After a week which saw Opposition Leader Tony Abbott perform more gaffes, backflips and nonsensical quotes than the average Barnum and Bailey circus, your columnist thought it high time to check out The Man’s policy on clean energy. This was a bit more difficult than first expected due to the fact that Big Tony, and his front bench colleagues….er… don’t seem to have a properly functioning clean energy policy to present to the Australian people.
The Hon. Leader of Her Majesty’s Loyal Opposition, after grudgingly admitting that the introduction of a carbon tax didn’t in fact herald a zombie apocalypse as he predicted (but just you wait and see — don’t you worry about that!), has also demonstrated that he knows little about clean energy, particularly solar power.
Mr Abbott, who once referred to himself as “the political lovechild of [former PM John Howard] and [backbencher] Bronwyn Bishop” (no one really knows if he was joking) appears to be outlining a clean energy policy closer to the strategy of former Cambodian dictator Pol Pot than mentor Johnny “Paycheck” Howard.
Now I’m not for a moment implying that Big Tone will turn Canberra into a killing fields nor set up re-education camps across the length and breadth of this wide, brown land. However I do think that the Coalition’s weird clean energy policy has more than a little of Year Zero attached to it.

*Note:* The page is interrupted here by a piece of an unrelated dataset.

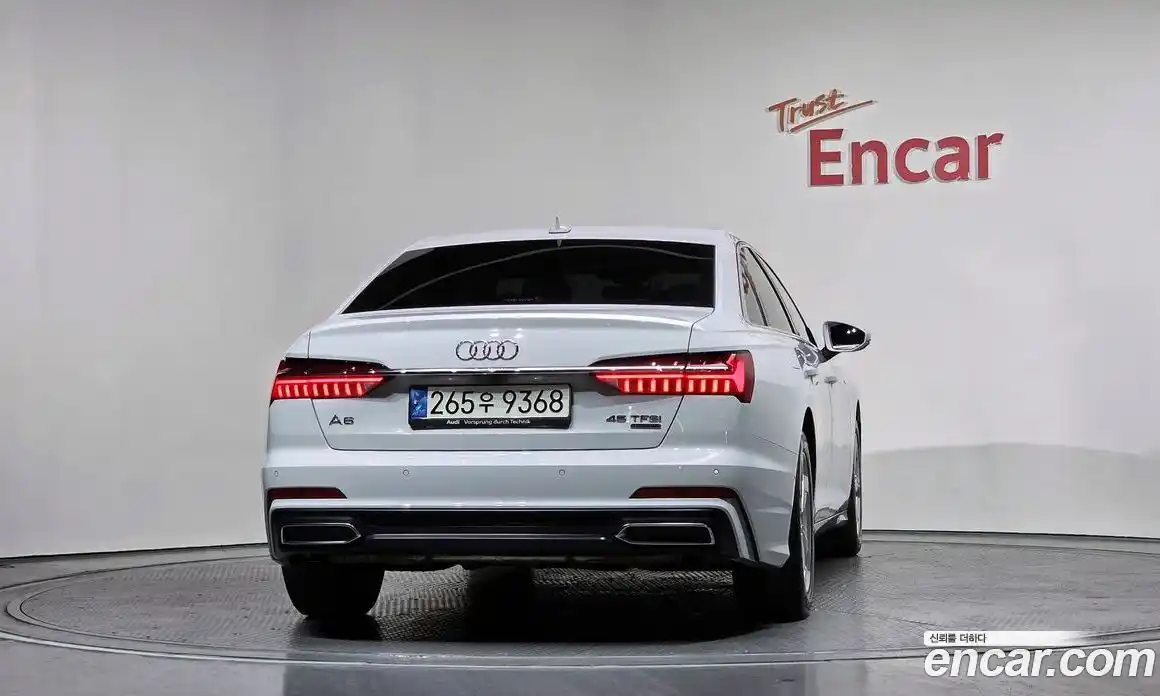 Audi A6 2020 2.0 гидро в Москве № 1546190, фото 3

Here’s how it goes. Assuming he gets the job, Tony and his mates will use the money he saves from the useful parts of the renewable energy policy of the previous Labor administration to create a task force of presumably fit young folk (FYF). The highly-trained force will then sent to all corners of the country to plant trees willy nilly while generally making a nuisance of themselves. Said FYK will obviously march up and down our country’s highways and byways chanting pro-Tony Abbott slogans and waving quotes of Chairman Tony a la the Cultural Revolution (I made that last factoid up for a bit of colour).
All this in place of a well thought through renewable energy policy.
To make matters worse, Mr Abbott has already sounded the death knell of the carbon tax, will punt the $10 billion Clean Energy Finance Corporation into touch and get rid of the malfunctioning (though well meaning) Solar Flagships program.
Clean energy under Tony? All sounds a little Orwellian doesn’t it? Like the Ministry of Peace in the book 1984.